This thread has been locked.

If you have a related question, please click the "Ask a related question" button in the top right corner. The newly created question will be automatically linked to this question.

RTOS/AM3358: NDK ping issue

Part Number: AM3358
Other Parts Discussed in Thread: SYSBIOS

Tool/software: TI-RTOS

Hi,

  I think I got the same problem as this url described: https://e2e.ti.com/support/processors/f/791/t/701299?tisearch=e2e-sitesearch&keymatch=%20user:290018

  I have a customized am335x board, almost same to bbb.

  With my own Application, or the official examples such as 'NIMU_BasicExample_evmAM335x_armExampleproject' and 'NIMU_FtpExample_evmAM335x_armExampleproject', the ping (ping 192.168.1.4) is ok in a duration about 5 minutes, and then sudden to fail. It seems only a power-recycle can recover (Re-load .out via JTAG will not recover the network).

  My environment are:

  * pdk_am335x_1_0_14

  * ndk_3_40_01_01

  * Bios 6.75.2.00

  * EDMA3 2.12.5

  With the default setting 'Global.ndkTickPeriod = 200', ping failed after about 5 minutes.

  With the setting 'Global.ndkTickPeriod = 2000', ping last for more than 10 minutes.

  When the same board running Linux, ping is always ok. This indicates the hardware is ok.

 

  I tracked some code of nimu & emac, and I have some findings:

  * At the time the ping failed, an ARP request (60 bytes) is sent out from am335x, ARP need-resolve address is the opposite which is keep trying to ping it.

  * The last TX packet did not successfully trig a TX interrupt, thus the TX routine are hold and stuck.

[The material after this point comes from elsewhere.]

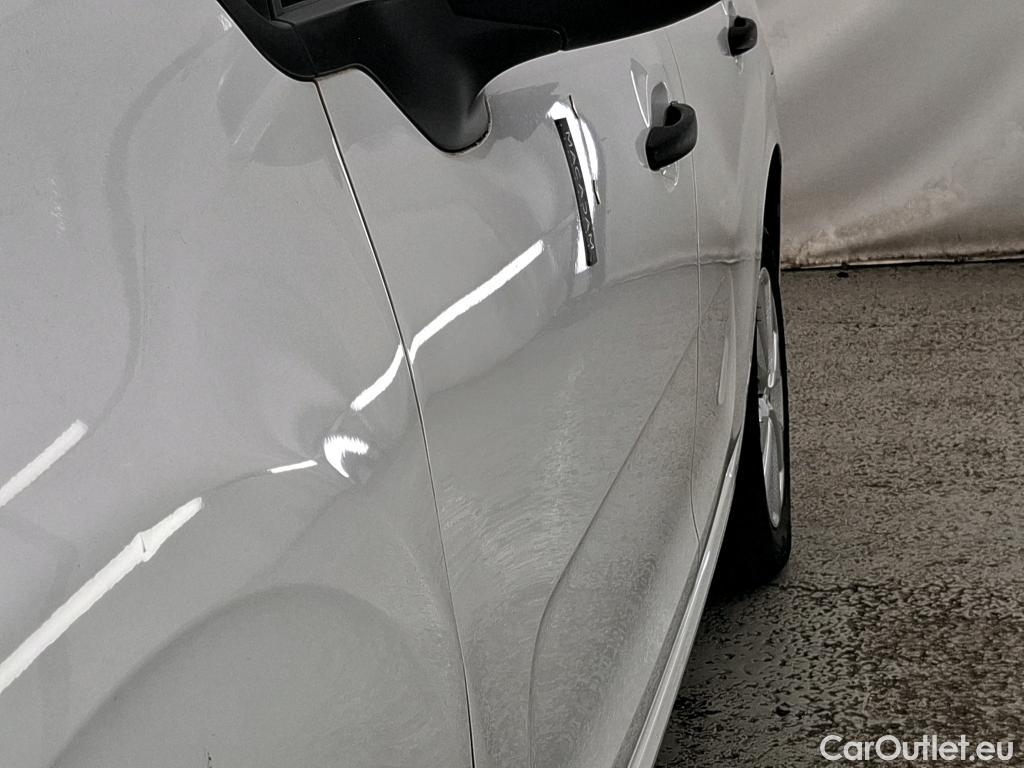  Citroen  C3  Société Live 1.2 PureTech 70CV BVM5 E6 #7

At the same time, RX still works.

   Any help will be greatly appreciated, thanks!

Best Regards,

GAN XJ

  • Hi,

    I can't find a BBB with JTAG header for test. Let me find another AM335x GP EVM to see if I can reproduce the issue and update here.

    Regards, Eric 

  • Hi,

    From NDK user guide: Global.ndkTickPeriod lets you adjust the NDK heartbeat rate. The default is 100 ticks. This matches the default SYS/BIOS Timer object, which drives the SYS/BIOS Clock and is configured so that 1 tick = 1 millisecond. However, you can configure a new Timer and use that to drive the Clock module. If that new Timer is not configured such that 1 tick = 1 millisecond, then you should also adjust the NDK tick period accordingly.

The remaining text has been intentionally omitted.